Olivier Bellamy est, selon moi, un des meilleurs interviewers actuels. Dans son émission « Passion Classique » sur Radio Classique, il reçoit bien entendu tout ce que compte le monde de la musique de compositeurs, chanteurs, cantatrices ou musiciens mais aussi artistes de tous bords, comédiens, réalisateurs, auteurs, etc…
Pendant une heure, il pose de bonnes questions, c’est plutôt rare, et surtout, il écoute les réponses, n’hésitant pas à rebondir si besoin ! Un moment de profondeur et d’intelligence comme on en trouve peu.
Je ne connais rien à la musique, encore moins à la musique classique, mais j’ai toujours grand plaisir à l’écouter en parler.

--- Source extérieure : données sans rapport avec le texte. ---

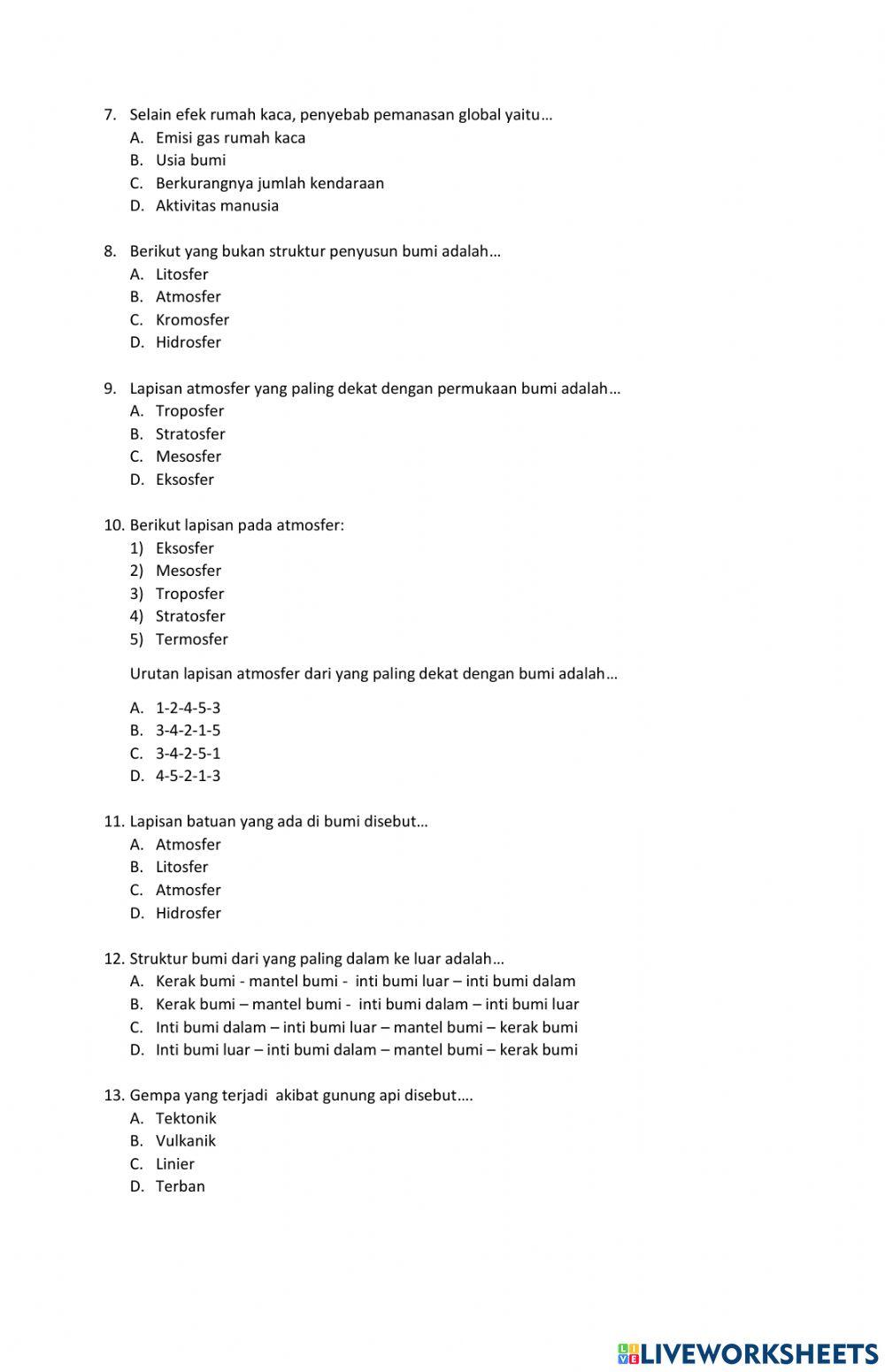 Latihan Soal Pemanasan Global dan Lapisan Bumi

Unmélange d’érudition, de finesse et d’écoute bienveillante, avec une pointe d’humour bienvenue.
Ma préférence va évidemment à ses échanges avec des auteurs. Chaque fois, j’ai l’impression d’en sortir un peu plus intelligent… Ce n’est qu’une impression, je sais, mais qu’est-ce que ça fait du bien !
Cette longue mais nécessaire introduction m’était indispensable pour vous indiquer ce qui m’a conduit sur le chemin de son dernier livre, désireux de découvrir si sa plume valait son verbe… Autant vous le dire tout de suite, je n’ai pas été déçu.
Parler de la perte d’un être cher, voilà bien qui a déjà été maintes fois traité, lu et relu. Mais parler de la perte d’un être cher quand il s’agit d’un animal, c’est bien plus rare.
Qui parmi nous n’a jamais été affecté par la perte d’un animal familier, d’un chat ou d’un chien ?
Personnellement, je me souviens de la perte d’un chien quand j’étais ado comme d’une des plus sombres journées de ma jeune existence alors. Pour Olivier Bellamy, c’est la perte imminente de Margot, une petite chatte noire au port de reine, normal quand on s’appelle Margot, adorable compagne de ses jours comme de ses nuits qui lui a inspiré ce récit.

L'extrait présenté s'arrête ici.